Figure 4.

G protein-coupled receptor subunits Gα_q and Gβγ_i interaction with the Ras-Raf pathway. G-proteins are heterotrimeric guanine nucleotide binding proteins with α-, β-, and γ-subunits. When a ligand binds to the extracellular portion of the receptor, it confers a guanine nucleotide exchange factor confirmation that induces the α-subunit to exchange its bound GDP to GTP. This causes the α-subunit to disassociate from the receptor and βγ- subunit.

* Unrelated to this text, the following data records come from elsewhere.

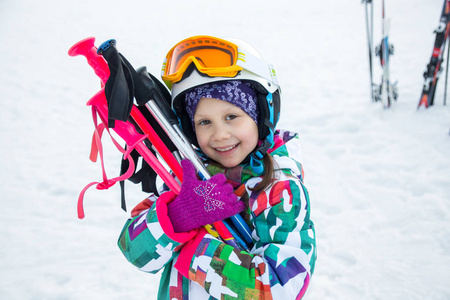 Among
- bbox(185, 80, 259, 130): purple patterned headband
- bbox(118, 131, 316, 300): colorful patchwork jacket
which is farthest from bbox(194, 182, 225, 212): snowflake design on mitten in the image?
bbox(185, 80, 259, 130): purple patterned headband

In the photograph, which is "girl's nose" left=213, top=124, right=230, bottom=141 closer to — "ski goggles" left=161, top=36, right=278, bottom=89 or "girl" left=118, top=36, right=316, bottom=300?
"girl" left=118, top=36, right=316, bottom=300

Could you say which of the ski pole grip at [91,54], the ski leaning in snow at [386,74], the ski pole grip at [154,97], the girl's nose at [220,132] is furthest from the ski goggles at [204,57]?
the ski leaning in snow at [386,74]

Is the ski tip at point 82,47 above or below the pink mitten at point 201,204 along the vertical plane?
above

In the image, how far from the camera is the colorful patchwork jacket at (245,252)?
1.44 m

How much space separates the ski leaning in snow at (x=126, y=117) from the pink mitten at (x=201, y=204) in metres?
→ 0.12

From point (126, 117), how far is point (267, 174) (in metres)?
0.66

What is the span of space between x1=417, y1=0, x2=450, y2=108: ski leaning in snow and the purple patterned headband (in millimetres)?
3997

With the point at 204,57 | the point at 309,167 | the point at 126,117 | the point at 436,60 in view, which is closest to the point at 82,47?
the point at 126,117

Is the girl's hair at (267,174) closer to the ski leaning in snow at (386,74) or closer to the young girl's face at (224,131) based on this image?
the young girl's face at (224,131)

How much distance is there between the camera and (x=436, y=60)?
486 centimetres

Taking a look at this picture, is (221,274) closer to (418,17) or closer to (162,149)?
(162,149)

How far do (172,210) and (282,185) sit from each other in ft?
1.60

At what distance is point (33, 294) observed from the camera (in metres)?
2.73

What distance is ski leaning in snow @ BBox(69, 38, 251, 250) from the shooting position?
1367 millimetres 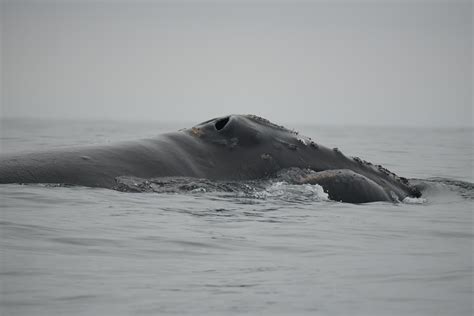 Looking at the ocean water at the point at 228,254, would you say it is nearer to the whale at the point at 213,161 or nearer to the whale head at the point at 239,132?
the whale at the point at 213,161

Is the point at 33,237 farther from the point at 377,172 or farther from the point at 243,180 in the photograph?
Result: the point at 377,172

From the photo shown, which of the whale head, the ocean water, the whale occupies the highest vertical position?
the whale head

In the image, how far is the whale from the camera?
9.25 meters

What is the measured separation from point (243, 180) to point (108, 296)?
4782mm

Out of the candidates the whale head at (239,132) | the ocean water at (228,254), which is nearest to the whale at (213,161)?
the whale head at (239,132)

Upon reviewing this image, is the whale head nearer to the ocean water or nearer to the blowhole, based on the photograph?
the blowhole

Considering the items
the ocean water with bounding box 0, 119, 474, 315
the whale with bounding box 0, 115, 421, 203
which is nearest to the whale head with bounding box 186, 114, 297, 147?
the whale with bounding box 0, 115, 421, 203

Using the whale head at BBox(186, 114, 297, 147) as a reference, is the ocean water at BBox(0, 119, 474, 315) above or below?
below

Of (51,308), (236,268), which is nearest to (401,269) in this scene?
(236,268)

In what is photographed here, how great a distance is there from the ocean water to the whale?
0.79ft

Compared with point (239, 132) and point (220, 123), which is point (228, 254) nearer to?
point (239, 132)

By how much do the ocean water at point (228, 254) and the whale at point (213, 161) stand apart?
0.79 feet

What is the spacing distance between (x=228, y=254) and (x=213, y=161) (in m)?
3.16

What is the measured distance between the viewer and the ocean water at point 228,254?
5.46m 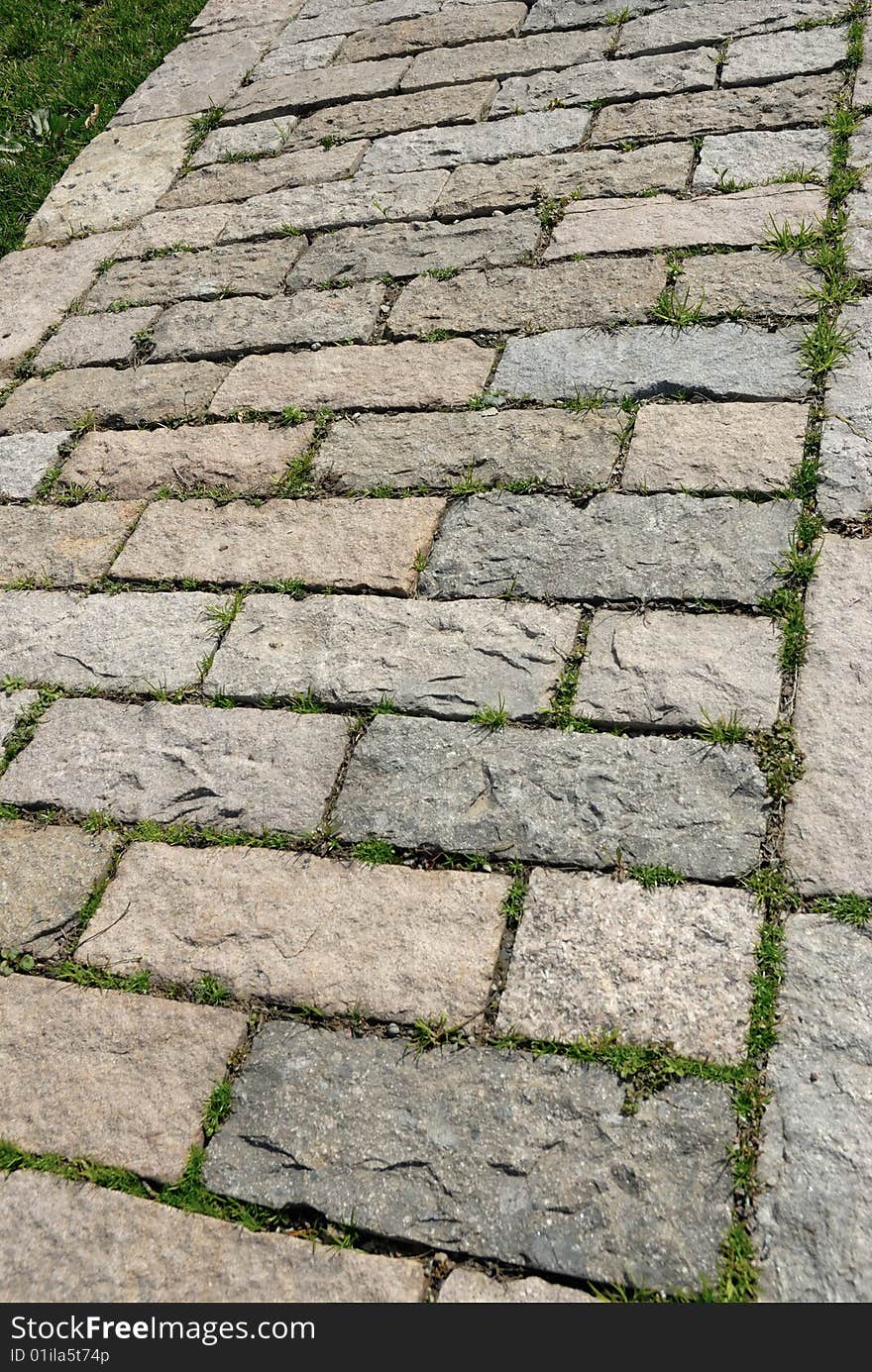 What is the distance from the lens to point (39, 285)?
4469mm

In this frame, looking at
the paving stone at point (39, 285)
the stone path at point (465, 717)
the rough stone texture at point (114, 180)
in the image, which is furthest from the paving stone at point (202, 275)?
the rough stone texture at point (114, 180)

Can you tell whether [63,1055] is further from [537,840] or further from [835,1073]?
[835,1073]

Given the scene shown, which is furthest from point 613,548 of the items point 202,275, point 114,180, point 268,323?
point 114,180

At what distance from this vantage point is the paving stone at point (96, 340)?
13.0 feet

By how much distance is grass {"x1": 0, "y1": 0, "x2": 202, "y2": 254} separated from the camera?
17.3 feet

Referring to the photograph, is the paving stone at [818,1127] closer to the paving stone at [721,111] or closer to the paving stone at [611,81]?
the paving stone at [721,111]

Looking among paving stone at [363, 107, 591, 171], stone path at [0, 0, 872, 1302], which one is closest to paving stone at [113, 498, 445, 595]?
stone path at [0, 0, 872, 1302]

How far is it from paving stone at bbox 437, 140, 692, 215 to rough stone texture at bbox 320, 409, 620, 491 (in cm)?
122

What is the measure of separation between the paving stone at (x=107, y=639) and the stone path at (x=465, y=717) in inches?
0.6

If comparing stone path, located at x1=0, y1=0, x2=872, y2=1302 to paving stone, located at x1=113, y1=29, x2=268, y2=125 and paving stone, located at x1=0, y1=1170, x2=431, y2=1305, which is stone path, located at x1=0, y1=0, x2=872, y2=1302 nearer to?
paving stone, located at x1=0, y1=1170, x2=431, y2=1305

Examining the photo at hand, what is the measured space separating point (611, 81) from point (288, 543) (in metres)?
2.65

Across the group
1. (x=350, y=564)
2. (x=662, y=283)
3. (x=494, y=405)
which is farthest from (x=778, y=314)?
(x=350, y=564)

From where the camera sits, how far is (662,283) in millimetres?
3453

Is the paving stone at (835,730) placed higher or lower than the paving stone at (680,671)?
lower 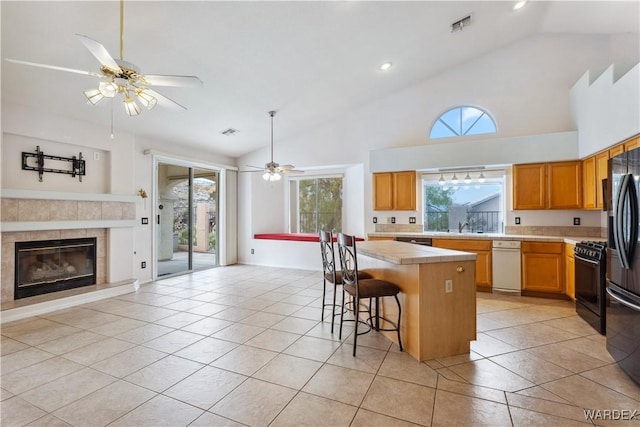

Both the α and βγ subunits effect changes in the cell, before the α subunit hydrolyzes the GTP and returns the receptor complex to its inactive state [94,95,107,108]. Both α_q and βγ_i activate phospholipase C-β (PLCβ) to create the second messengers of diacylglycerol (DAG) and inositol-1,4,5-triphosphate (IP3) through the hydrolyzation of phosphatidylinositol 4,5-bisphosphate (PIP2) [109]. DAG activates PKC, which directly phosphorylates and activates Ras proteins [110,111]. IP3 stimulates the calmodulin pathway and Pyk2 kinase by way of inducing calcium release from the endoplasmic reticulum [112]. The resulting phosphorylation provides the base for Shc anchoring and recruitment of Ras’ guanine exchange factor complex [113]. Both DAG and IP3 play a role in allosterically controlling CalDAG-GEF1, a guanine exchange factor for Rap1 [94,114]. Once Rap1 has exchanged its bound GDP for GTP, it can activate BRaf in the place of Ras [115]. Furthermore, βγ_i activates phosphoinositide 3-kinase (PI3K), which augments cell signaling from tyrosine kinase receptors to increase Dynamin II [116], an additional anchor for Shc and Ras’ GEF complex [117,118,119].